» **Assigned task**
Write out every entry exactly as it appears.

(Short descriptive text snippets)
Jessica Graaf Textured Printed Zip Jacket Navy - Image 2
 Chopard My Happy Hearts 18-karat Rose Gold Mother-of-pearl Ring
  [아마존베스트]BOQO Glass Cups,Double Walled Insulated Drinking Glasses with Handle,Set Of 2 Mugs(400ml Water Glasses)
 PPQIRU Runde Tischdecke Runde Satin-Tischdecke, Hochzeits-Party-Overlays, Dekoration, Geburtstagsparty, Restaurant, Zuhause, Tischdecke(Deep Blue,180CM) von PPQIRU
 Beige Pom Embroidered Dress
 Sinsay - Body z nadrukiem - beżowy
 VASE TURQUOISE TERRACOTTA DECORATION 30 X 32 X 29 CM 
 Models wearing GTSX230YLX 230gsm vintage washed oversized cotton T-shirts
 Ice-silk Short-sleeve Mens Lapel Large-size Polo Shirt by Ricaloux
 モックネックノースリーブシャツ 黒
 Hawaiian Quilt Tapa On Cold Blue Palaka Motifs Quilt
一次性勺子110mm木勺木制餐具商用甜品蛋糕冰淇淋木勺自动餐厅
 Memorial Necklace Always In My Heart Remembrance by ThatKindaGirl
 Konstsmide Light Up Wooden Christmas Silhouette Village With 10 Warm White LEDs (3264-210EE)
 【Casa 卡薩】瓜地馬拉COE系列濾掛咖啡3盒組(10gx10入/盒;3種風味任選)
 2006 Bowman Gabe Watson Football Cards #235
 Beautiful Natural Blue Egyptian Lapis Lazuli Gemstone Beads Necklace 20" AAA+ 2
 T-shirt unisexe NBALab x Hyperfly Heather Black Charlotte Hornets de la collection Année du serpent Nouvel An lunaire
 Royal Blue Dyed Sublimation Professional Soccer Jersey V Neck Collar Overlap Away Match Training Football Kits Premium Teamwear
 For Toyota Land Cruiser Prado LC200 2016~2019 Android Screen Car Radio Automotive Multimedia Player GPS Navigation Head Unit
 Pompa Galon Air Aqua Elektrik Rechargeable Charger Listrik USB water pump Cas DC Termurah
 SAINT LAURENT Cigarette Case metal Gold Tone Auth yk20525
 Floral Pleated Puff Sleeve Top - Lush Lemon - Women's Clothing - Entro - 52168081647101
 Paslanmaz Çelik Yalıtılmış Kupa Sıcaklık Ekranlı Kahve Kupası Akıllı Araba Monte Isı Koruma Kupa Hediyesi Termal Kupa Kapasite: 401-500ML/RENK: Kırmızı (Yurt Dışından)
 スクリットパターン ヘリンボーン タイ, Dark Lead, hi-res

» **Written reply**
Jessica Graaf Textured Printed Zip Jacket Navy - Image 2
 Chopard My Happy Hearts 18-karat Rose Gold Mother-of-pearl Ring
  [아마존베스트]BOQO Glass Cups,Double Walled Insulated Drinking Glasses with Handle,Set Of 2 Mugs(400ml Water Glasses)
 PPQIRU Runde Tischdecke Runde Satin-Tischdecke, Hochzeits-Party-Overlays, Dekoration, Geburtstagsparty, Restaurant, Zuhause, Tischdecke(Deep Blue,180CM) von PPQIRU
 Beige Pom Embroidered Dress
 Sinsay - Body z nadrukiem - beżowy
 VASE TURQUOISE TERRACOTTA DECORATION 30 X 32 X 29 CM 
 Models wearing GTSX230YLX 230gsm vintage washed oversized cotton T-shirts
 Ice-silk Short-sleeve Mens Lapel Large-size Polo Shirt by Ricaloux
 モックネックノースリーブシャツ 黒
 Hawaiian Quilt Tapa On Cold Blue Palaka Motifs Quilt
一次性勺子110mm木勺木制餐具商用甜品蛋糕冰淇淋木勺自动餐厅
 Memorial Necklace Always In My Heart Remembrance by ThatKindaGirl
 Konstsmide Light Up Wooden Christmas Silhouette Village With 10 Warm White LEDs (3264-210EE)
 【Casa 卡薩】瓜地馬拉COE系列濾掛咖啡3盒組(10gx10入/盒;3種風味任選)
 2006 Bowman Gabe Watson Football Cards #235
 Beautiful Natural Blue Egyptian Lapis Lazuli Gemstone Beads Necklace 20" AAA+ 2
 T-shirt unisexe NBALab x Hyperfly Heather Black Charlotte Hornets de la collection Année du serpent Nouvel An lunaire
 Royal Blue Dyed Sublimation Professional Soccer Jersey V Neck Collar Overlap Away Match Training Football Kits Premium Teamwear
 For Toyota Land Cruiser Prado LC200 2016~2019 Android Screen Car Radio Automotive Multimedia Player GPS Navigation Head Unit
 Pompa Galon Air Aqua Elektrik Rechargeable Charger Listrik USB water pump Cas DC Termurah
 SAINT LAURENT Cigarette Case metal Gold Tone Auth yk20525
 Floral Pleated Puff Sleeve Top - Lush Lemon - Women's Clothing - Entro - 52168081647101
 Paslanmaz Çelik Yalıtılmış Kupa Sıcaklık Ekranlı Kahve Kupası Akıllı Araba Monte Isı Koruma Kupa Hediyesi Termal Kupa Kapasite: 401-500ML/RENK: Kırmızı (Yurt Dışından)
 スクリットパターン ヘリンボーン タイ, Dark Lead, hi-res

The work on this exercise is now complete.